• **Exercise goal**
An exact repeat is needed of the lines from the one with "Personalized Afro-Haitians Tropical" through the last line of the data below. Please omit the pictures.

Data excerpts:
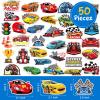 98 PCS Race Cars Party Favor Supplies Kit Racecar Birthday Themed Decoration Set with Mini Race Cars Toys Cartoon Transportation Stickers Keychain Wristband Bracelet Badge Pack view 3
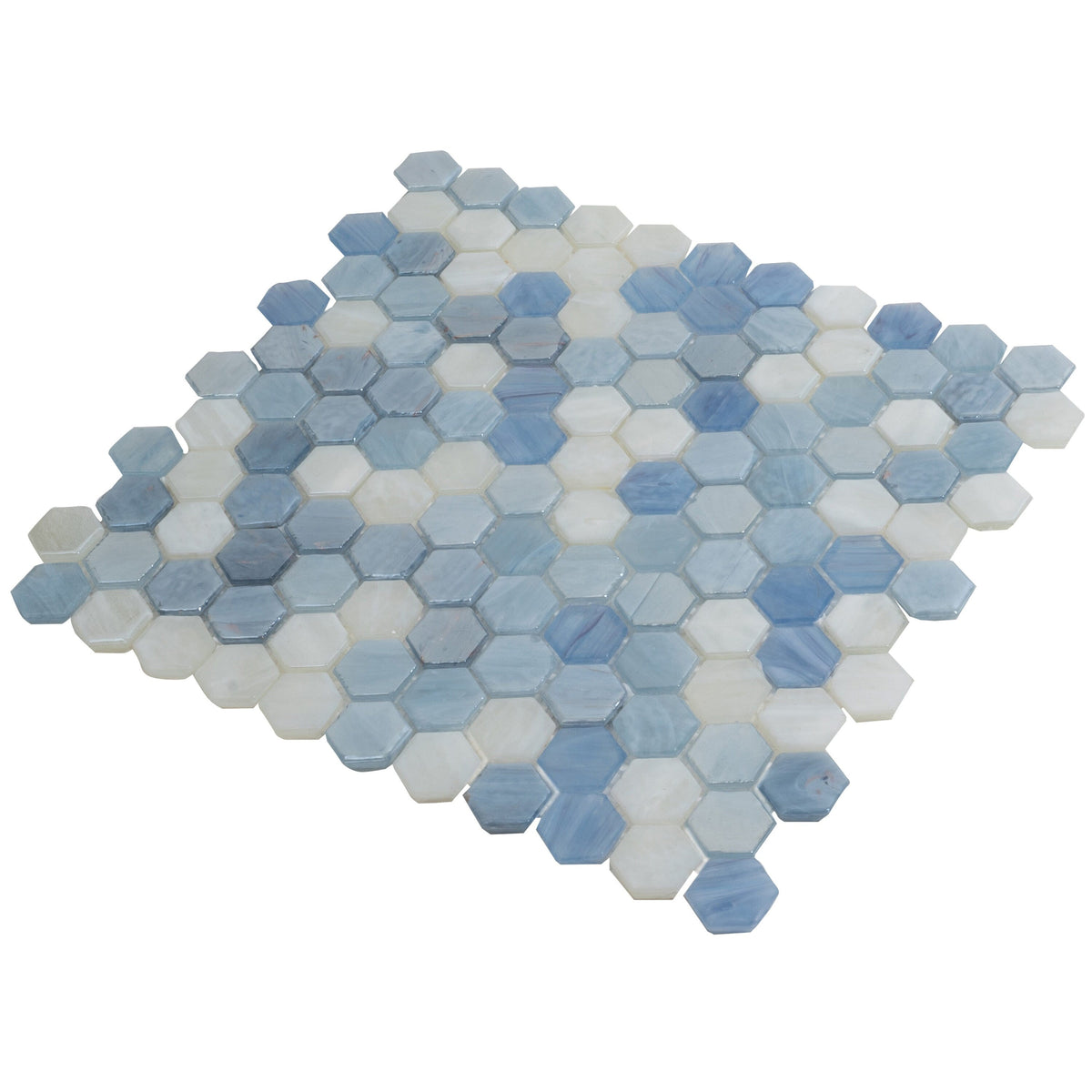 Apollo Tile Moonstone Blue 10-in x 11-in Glossy Glass Hexagon Floor and Wall Tile (8.63-sq. ft/ Carton)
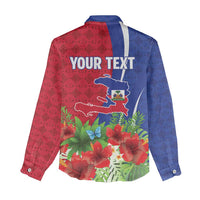 Personalized Afro-Haitians Tropical Women Casual Shirt Fleur-De-Lis Veves Motif - Wonder Print Shop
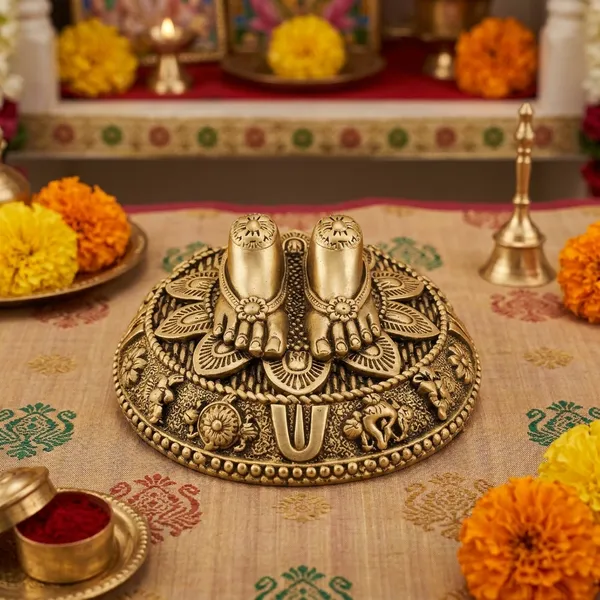 Jsr_Designer_Lord_Balaji_Charan_Paduka_For_Pooja_Room_Brass_Charan_Paduka_2_5_Cm_Yellow_Antique_Finish_Venkateswara_Feet_With_Shanku_Chakra_Namam_Divine_Blessings_From_Tirupati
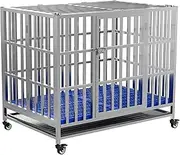 FoQualy Collapsible Stainless Steel Dog Crate, 30" 37" 42" 48" Sizes, Lockable Wheel, with Tray, Stackable, Heavy Duty, Divider, Indoor and Outdoor (37in)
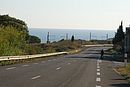 La route du littoral RD 114 et RN 114 : barrires de protection et abords minraliss ; ici au nord de Collioure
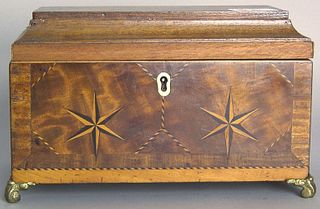 Regency mahogany tea caddy, ca. 1800, with star in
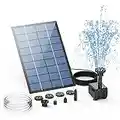 AISITIN 2.5W Solar Fountain Pump, DIY Outdoor Solar Water Fountain Pump with 6 Nozzles and 4ft Water Pipe, Solar Powered Pump for Bird Bath, Ponds, Garden and Fish Tank Garden, Pond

• **Task response**
 Personalized Afro-Haitians Tropical Women Casual Shirt Fleur-De-Lis Veves Motif - Wonder Print Shop
 Jsr_Designer_Lord_Balaji_Charan_Paduka_For_Pooja_Room_Brass_Charan_Paduka_2_5_Cm_Yellow_Antique_Finish_Venkateswara_Feet_With_Shanku_Chakra_Namam_Divine_Blessings_From_Tirupati
 FoQualy Collapsible Stainless Steel Dog Crate, 30" 37" 42" 48" Sizes, Lockable Wheel, with Tray, Stackable, Heavy Duty, Divider, Indoor and Outdoor (37in)
 La route du littoral RD 114 et RN 114 : barrires de protection et abords minraliss ; ici au nord de Collioure
 Regency mahogany tea caddy, ca. 1800, with star in
 AISITIN 2.5W Solar Fountain Pump, DIY Outdoor Solar Water Fountain Pump with 6 Nozzles and 4ft Water Pipe, Solar Powered Pump for Bird Bath, Ponds, Garden and Fish Tank Garden, Pond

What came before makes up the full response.